### Instructions for the task
The data follows. Retype every entry exactly.

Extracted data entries
-------

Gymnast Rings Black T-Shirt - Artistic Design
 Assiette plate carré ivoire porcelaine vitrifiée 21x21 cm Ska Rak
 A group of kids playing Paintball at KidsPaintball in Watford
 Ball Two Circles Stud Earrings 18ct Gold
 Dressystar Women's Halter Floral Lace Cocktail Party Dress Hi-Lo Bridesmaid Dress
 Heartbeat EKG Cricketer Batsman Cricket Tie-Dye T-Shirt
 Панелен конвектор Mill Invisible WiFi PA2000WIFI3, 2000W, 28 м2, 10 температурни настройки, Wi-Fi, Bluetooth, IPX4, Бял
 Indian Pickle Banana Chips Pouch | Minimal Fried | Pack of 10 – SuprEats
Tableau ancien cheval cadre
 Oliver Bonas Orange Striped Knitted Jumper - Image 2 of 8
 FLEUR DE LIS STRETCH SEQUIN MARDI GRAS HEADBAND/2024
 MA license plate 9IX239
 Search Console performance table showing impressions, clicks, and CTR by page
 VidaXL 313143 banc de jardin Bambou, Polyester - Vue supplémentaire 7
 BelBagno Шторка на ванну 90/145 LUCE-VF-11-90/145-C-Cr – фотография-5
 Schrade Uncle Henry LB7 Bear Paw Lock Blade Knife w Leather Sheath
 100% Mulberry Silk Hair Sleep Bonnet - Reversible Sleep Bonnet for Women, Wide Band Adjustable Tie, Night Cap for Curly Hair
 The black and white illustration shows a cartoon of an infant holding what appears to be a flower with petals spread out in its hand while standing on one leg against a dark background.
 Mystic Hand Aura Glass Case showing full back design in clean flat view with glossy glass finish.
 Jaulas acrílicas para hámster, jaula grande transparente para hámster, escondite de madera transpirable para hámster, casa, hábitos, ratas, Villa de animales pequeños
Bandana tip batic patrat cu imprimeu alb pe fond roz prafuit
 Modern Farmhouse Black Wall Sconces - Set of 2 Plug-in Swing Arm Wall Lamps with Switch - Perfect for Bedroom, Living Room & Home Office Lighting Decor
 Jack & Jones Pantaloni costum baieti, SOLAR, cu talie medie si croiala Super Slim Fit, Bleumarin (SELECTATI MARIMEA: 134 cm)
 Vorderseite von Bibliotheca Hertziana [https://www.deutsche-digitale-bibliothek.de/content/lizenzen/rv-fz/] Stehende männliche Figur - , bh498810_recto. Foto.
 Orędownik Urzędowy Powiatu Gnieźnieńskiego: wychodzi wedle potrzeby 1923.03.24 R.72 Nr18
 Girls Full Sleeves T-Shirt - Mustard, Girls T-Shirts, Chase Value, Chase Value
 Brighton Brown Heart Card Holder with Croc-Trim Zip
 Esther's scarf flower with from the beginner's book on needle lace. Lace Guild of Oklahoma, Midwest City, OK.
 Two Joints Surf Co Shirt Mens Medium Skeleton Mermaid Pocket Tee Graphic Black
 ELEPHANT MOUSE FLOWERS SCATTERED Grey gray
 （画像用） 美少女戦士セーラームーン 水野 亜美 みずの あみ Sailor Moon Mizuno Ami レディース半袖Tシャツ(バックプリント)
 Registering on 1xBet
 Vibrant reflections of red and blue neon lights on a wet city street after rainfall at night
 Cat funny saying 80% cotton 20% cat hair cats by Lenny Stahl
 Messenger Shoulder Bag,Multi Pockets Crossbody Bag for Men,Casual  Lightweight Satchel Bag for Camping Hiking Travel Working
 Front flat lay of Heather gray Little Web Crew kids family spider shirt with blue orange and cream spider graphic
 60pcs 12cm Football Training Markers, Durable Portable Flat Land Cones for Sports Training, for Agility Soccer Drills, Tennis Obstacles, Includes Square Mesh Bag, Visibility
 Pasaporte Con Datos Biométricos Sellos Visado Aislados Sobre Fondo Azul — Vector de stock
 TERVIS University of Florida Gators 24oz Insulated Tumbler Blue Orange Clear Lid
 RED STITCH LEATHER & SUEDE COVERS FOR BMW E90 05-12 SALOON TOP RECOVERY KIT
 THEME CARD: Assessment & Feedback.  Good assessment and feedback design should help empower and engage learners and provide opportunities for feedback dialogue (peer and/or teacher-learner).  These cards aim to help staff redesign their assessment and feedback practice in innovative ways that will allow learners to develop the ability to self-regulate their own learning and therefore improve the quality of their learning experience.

-------

### Completed exercise
Gymnast Rings Black T-Shirt - Artistic Design
 Assiette plate carré ivoire porcelaine vitrifiée 21x21 cm Ska Rak
 A group of kids playing Paintball at KidsPaintball in Watford
 Ball Two Circles Stud Earrings 18ct Gold
 Dressystar Women's Halter Floral Lace Cocktail Party Dress Hi-Lo Bridesmaid Dress
 Heartbeat EKG Cricketer Batsman Cricket Tie-Dye T-Shirt
 Панелен конвектор Mill Invisible WiFi PA2000WIFI3, 2000W, 28 м2, 10 температурни настройки, Wi-Fi, Bluetooth, IPX4, Бял
 Indian Pickle Banana Chips Pouch | Minimal Fried | Pack of 10 – SuprEats
Tableau ancien cheval cadre
 Oliver Bonas Orange Striped Knitted Jumper - Image 2 of 8
 FLEUR DE LIS STRETCH SEQUIN MARDI GRAS HEADBAND/2024
 MA license plate 9IX239
 Search Console performance table showing impressions, clicks, and CTR by page
 VidaXL 313143 banc de jardin Bambou, Polyester - Vue supplémentaire 7
 BelBagno Шторка на ванну 90/145 LUCE-VF-11-90/145-C-Cr – фотография-5
 Schrade Uncle Henry LB7 Bear Paw Lock Blade Knife w Leather Sheath
 100% Mulberry Silk Hair Sleep Bonnet - Reversible Sleep Bonnet for Women, Wide Band Adjustable Tie, Night Cap for Curly Hair
 The black and white illustration shows a cartoon of an infant holding what appears to be a flower with petals spread out in its hand while standing on one leg against a dark background.
 Mystic Hand Aura Glass Case showing full back design in clean flat view with glossy glass finish.
 Jaulas acrílicas para hámster, jaula grande transparente para hámster, escondite de madera transpirable para hámster, casa, hábitos, ratas, Villa de animales pequeños
Bandana tip batic patrat cu imprimeu alb pe fond roz prafuit
 Modern Farmhouse Black Wall Sconces - Set of 2 Plug-in Swing Arm Wall Lamps with Switch - Perfect for Bedroom, Living Room & Home Office Lighting Decor
 Jack & Jones Pantaloni costum baieti, SOLAR, cu talie medie si croiala Super Slim Fit, Bleumarin (SELECTATI MARIMEA: 134 cm)
 Vorderseite von Bibliotheca Hertziana [https://www.deutsche-digitale-bibliothek.de/content/lizenzen/rv-fz/] Stehende männliche Figur - , bh498810_recto. Foto.
 Orędownik Urzędowy Powiatu Gnieźnieńskiego: wychodzi wedle potrzeby 1923.03.24 R.72 Nr18
 Girls Full Sleeves T-Shirt - Mustard, Girls T-Shirts, Chase Value, Chase Value
 Brighton Brown Heart Card Holder with Croc-Trim Zip
 Esther's scarf flower with from the beginner's book on needle lace. Lace Guild of Oklahoma, Midwest City, OK.
 Two Joints Surf Co Shirt Mens Medium Skeleton Mermaid Pocket Tee Graphic Black
 ELEPHANT MOUSE FLOWERS SCATTERED Grey gray
 （画像用） 美少女戦士セーラームーン 水野 亜美 みずの あみ Sailor Moon Mizuno Ami レディース半袖Tシャツ(バックプリント)
 Registering on 1xBet
 Vibrant reflections of red and blue neon lights on a wet city street after rainfall at night
 Cat funny saying 80% cotton 20% cat hair cats by Lenny Stahl
 Messenger Shoulder Bag,Multi Pockets Crossbody Bag for Men,Casual  Lightweight Satchel Bag for Camping Hiking Travel Working
 Front flat lay of Heather gray Little Web Crew kids family spider shirt with blue orange and cream spider graphic
 60pcs 12cm Football Training Markers, Durable Portable Flat Land Cones for Sports Training, for Agility Soccer Drills, Tennis Obstacles, Includes Square Mesh Bag, Visibility
 Pasaporte Con Datos Biométricos Sellos Visado Aislados Sobre Fondo Azul — Vector de stock
 TERVIS University of Florida Gators 24oz Insulated Tumbler Blue Orange Clear Lid
 RED STITCH LEATHER & SUEDE COVERS FOR BMW E90 05-12 SALOON TOP RECOVERY KIT
 THEME CARD: Assessment & Feedback.  Good assessment and feedback design should help empower and engage learners and provide opportunities for feedback dialogue (peer and/or teacher-learner).  These cards aim to help staff redesign their assessment and feedback practice in innovative ways that will allow learners to develop the ability to self-regulate their own learning and therefore improve the quality of their learning experience.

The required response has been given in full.